Ces informateurs auraient révélé l’existence et l’emplacement de caches d’armes, expliqué comment fusils et munitions allaient être distribués, sur quelles bases des listes d’opposants allaient être établies. ,
Par ailleurs, alors que des images ont montré que le président Nkurunziza se trouvait dans le nord du pays, où on le voit chanter et danser avec des militants de son parti, la traduction du bref discours tenu à cette occasion est plus qu'alarmante . S’adressant aux jeunes miliciens dits  Imbonerakure, le chef de l’État aurait déclaré : « … le moment fatidique est arrivé. Vous avez entendu hier ce qui a été dit par les antagonistes qui ont déclaré qu’ils allaient nous imiter en envahissant les rues. On doit donc sortir les houes que nous vous avons données, je suis sûr que vous vous êtes organisés en conséquence"

 Ces témoignages tendraient à démontrer que le pire demeure possible au Burundi.
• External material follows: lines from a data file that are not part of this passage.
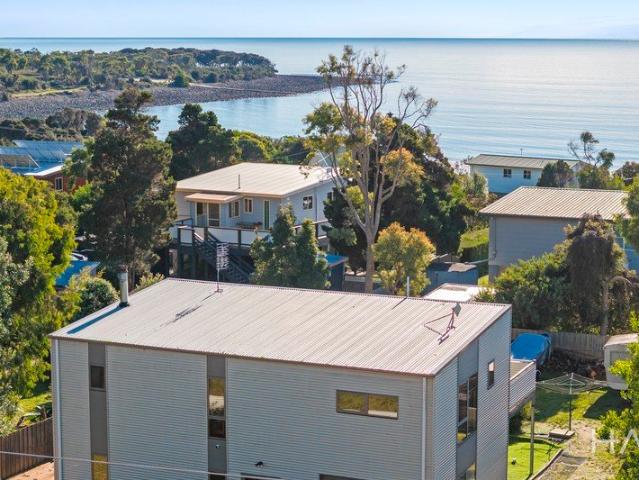 House for sale in Lulworth, Tasmania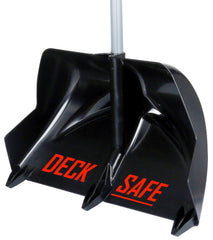 Stay+Safe front view of 24" shovel showing deck-safe design and quick clearing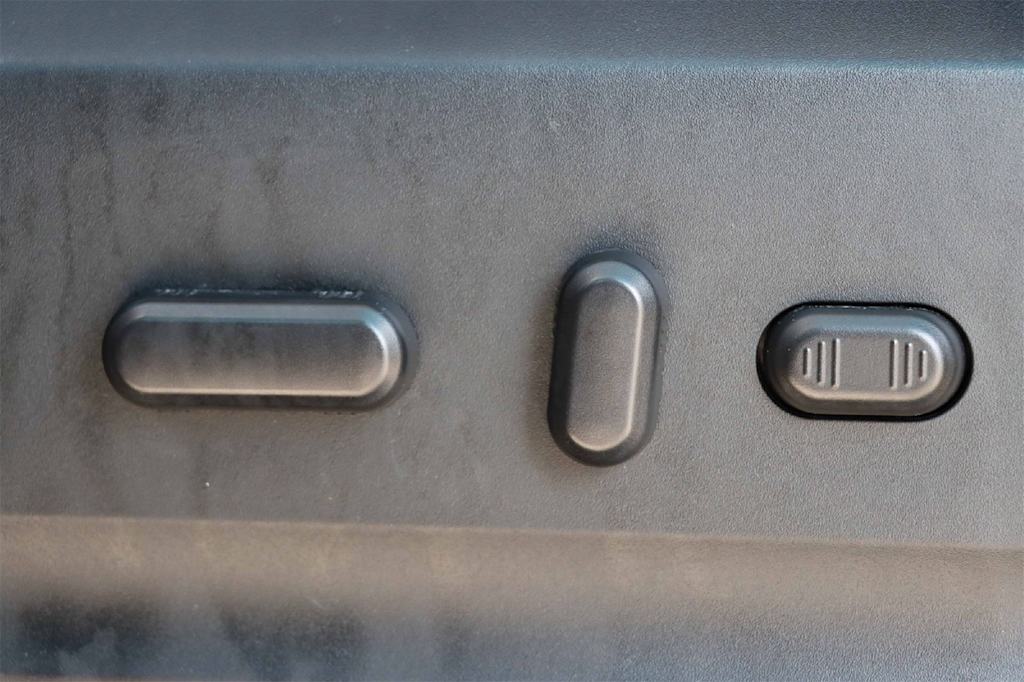 Thumbnail: 2016 Ford Expedition - 28
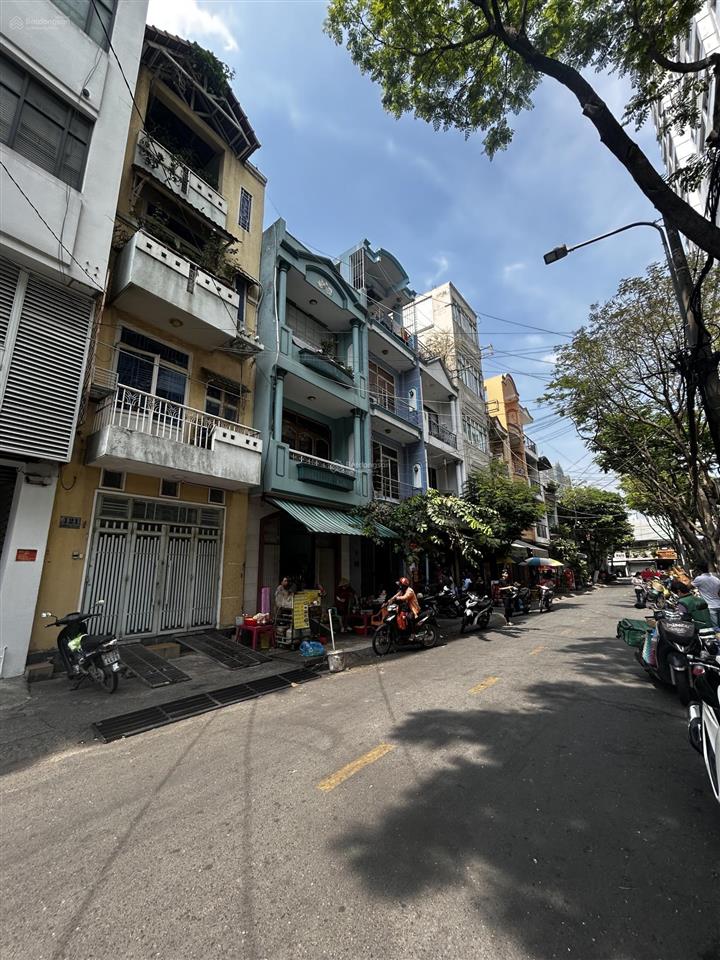 Nhà hai mặt tiền kinh doanh đa ngành. mt đường số cách 1 căn ra hoàng diệu 25tỷ tl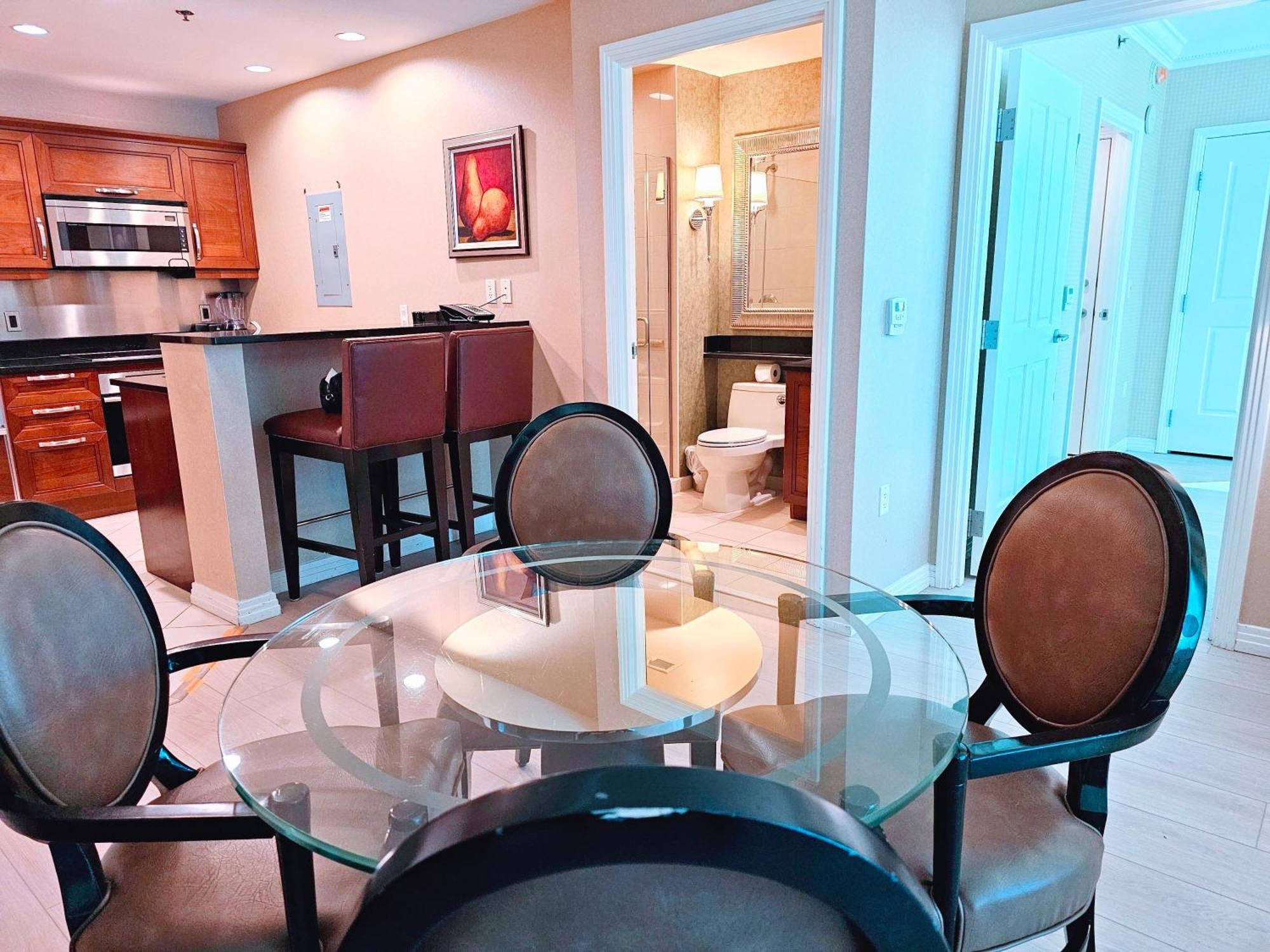 Strip & Sphere View - Separate Living Room - 2 Full Bath - Full Kitchen - Balcony - 900 Sqft - Mgm Signature Λας Βέγκας Εξωτερικό φωτογραφία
Cette crainte d’un nouveau génocide, ou de massacres à grande échelle ne peut laisser indifférents les pays voisins, dont le Rwanda au premier chef, ni la "communauté internationale" placée devant ses responsabilités. Surtout la solidarité internationale doit contraindre les gouvernements, l'ONU et l'Union Africaine à ne pas laisser se commettre de nouveaux massacres, voire un nouveau génocide contre les Tutsi, assimilés à l'opposition et à la société civile. En France et en Belgique, dont les autorités de l'époque portent une si lourde responsabilité dans le génocide de 1994, l'enjeu est particulièrement important.